Bali could logically have been expected not to hold together. For instance, despite the fabled, mystical demeanor that outsiders assign to the Balinese, islanders rose up and massacred an estimated 100,000 alleged communists during the aftermath of military takeover in 1965 that ushered in Suharto’s New Order. In some cases, goon squads did the killings, but often it was villagers turning on neighbors in a slaughter that even today remains incomprehensible to most
Balinese. Other occasional dustups occur between Balinese of different villages, as well as with outsiders. Ajeg Bali, translated as Let Bali Stand Strong, a Balinese pride group associated with the local media mogul Satria Naradha, is another potential source of friction. Some observers see Ajeg Bali as a Bali-for-Balinese movement. A craze for bakso babi, or pork dumpling soup, grew from its commercial arm. Bakso is a Javanese specialty, while pork is a Balinese innovation forbidden to Muslims. But one Balinese insists Ajeg Bali is about “preserving Balinese tradition, not trying to monopolize Bali.” Other supporters say Ajeg Bali encourages Bali to work as hard as the outsiders and to understand the concept of competition within a free market: just because your neighbor has a shop doesn’t mean you can’t open one, too.

“Balinese welcome people from outside as long as they follow rules of Bali traditions and the village,” according to Wendra. “We learn from each other.”

“Kuta is the prime example of Balinese culture strengthening in reaction to large numbers of outsiders in the community,” author Jeremy Allan says. “A Balinese never really feels Balinese unless there is a non-Balinese in the room.” Allan’s book Bali Blues tells how Kuta saw off violence between Balinese and Muslims in the wake of the 2002 bombs by Islamic extremists from outside Bali.

“Unfortunately, the two attacks were from the same group and religion and that created a lot of tension between Muslims and Hindus,” says Prasetyo, whose heroics transporting wounded from the October 2002 attacks earned him a medal from Australia, which had 88 citizens die in the bombing.

Immediately after the bombing, some Balinese wanted to eject Muslims and close mosques in retaliation, but cooler heads prevailed. In Kuta, the neighborhood organization, the banjar, open to all residents including outsiders, was a focal point for averting violence. “All religions are welcome at the banjar,” Wendra says. “If people have a problem, they go there. People talk things out and resolve them.”

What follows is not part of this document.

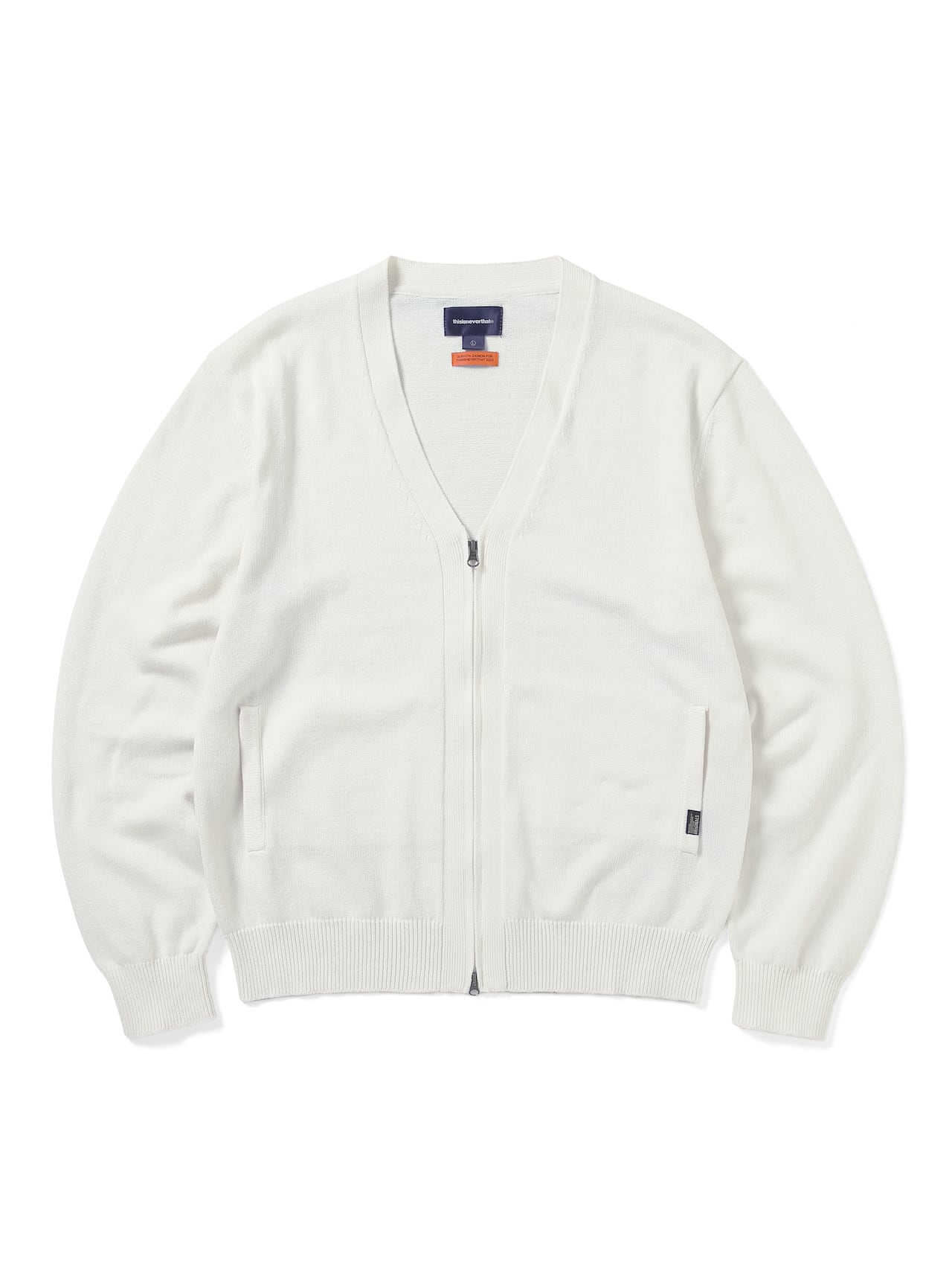 thisisneverthat - Chess Zip Cardigan (White) product image 2 | TRAB K-Fashion Australia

“Local leaders in Bali understand that the bombs are from a small group that’s not representative of the Muslim community,” Prasetyo says. “The leadership created the Inter-Religious Forum that reaches from the regions and cities down to local banjars and mosques. That’s been very successful in diffusing tensions.” Programs include youth activities that mix all religions and invitations to all for ceremonies, “people to people contact in religious settings,” Prasetyo calls it.

“After the bomb, the relationship between Muslims and Hindus became stronger,” Wendra, an Inter-Religious Forum member along with Prasetyo, says. That may be so, but it’s also true that the differences are almost always on display and noted. With tourist arrivals down 20 percent this year, the third lean year out of the past four, there’s a greater chance tensions can erupt. The conflict in Lebanon has brought intensified efforts to preserve harmony and calm Muslims
rage. Prasetyo has asked imams to remind the faithful that while the Middle East’s tradition is to settle disputes by the sword, “In Indonesia, our tradition is to resolve conflicts by talking and compromise.” To help keep the peace, Prasetyo wants the government to create jobs to prevent idle youth from becoming fodder for troublemakers. But the most important thing is getting tourists back to Bali. And indeed, when it comes to tourism, Hindu and Muslim worship at the same altar.